What does he do that is wrong?


----------



## Smiling2

He talked to our daughter about adult stuff she was in 5th grade when this happened. He is still doing it now. She is a senior in high school. He mentally abused her. He has done so much damage to our relationship. I’ve tried to talk to him about this stuff and he won’t talk about it.


----------



## Diana7

Smiling2 said:


> He talked to our daughter about adult stuff she was in 5th grade when this happened. He is still doing it now. She is a senior in high school. He mentally abused her. He has done so much damage to our relationship. I’ve tried to talk to him about this stuff and he won’t talk about it.


In that case why dont you end the marriage? What do you mean by 'adult stuff'?. Why do you both still see him if he mentally abused her.?


----------



## Smiling2

We have been separated for two years. We hardly see him any more. I’ve been trying to talk to him about it but he won’t talk about it.


----------



## examp

Does your daughter also think he 'mentally' abused her or only you. You do say he still talks to her and I suppose that usually means she also replies.


----------



## MattMatt

Does your daughter see him?


----------



## EleGirl

Smiling2 said:


> We have been separated for two years. We hardly see him any more. I’ve been trying to talk to him about it but he won’t talk about it.

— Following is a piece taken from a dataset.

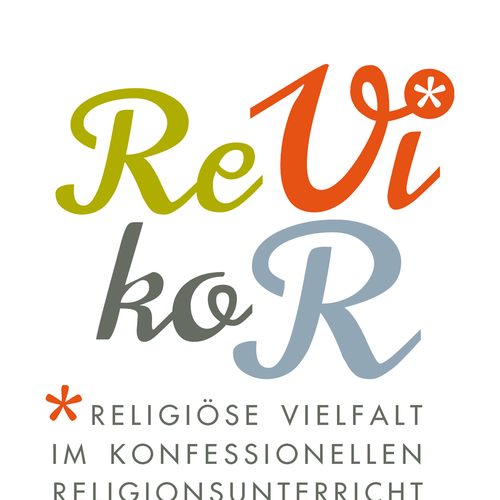 Logo design contest entry by emma11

It sounds like he has no interesting in getting back with you. That's probably why he's not talking to you. 

Do you know why he has not filed for divorce if he does not want to be with you?

Have you considered filing for divorce?


----------



## Ragnar Ragnasson

OP, there are too many directions going on here, can you provide additional real details in regards to varying topics?

Forgive me, there are only topics named,glossed on then moving on.

Hang in there. Make sure you have plans to care for you and to co-parent, in the worst case scenario.

Btw the mental abuse you mentioned re daughter is either your perception or it's a true item needing attention. 

Kindly, two very different approaches are called for in that one circumstance.


----------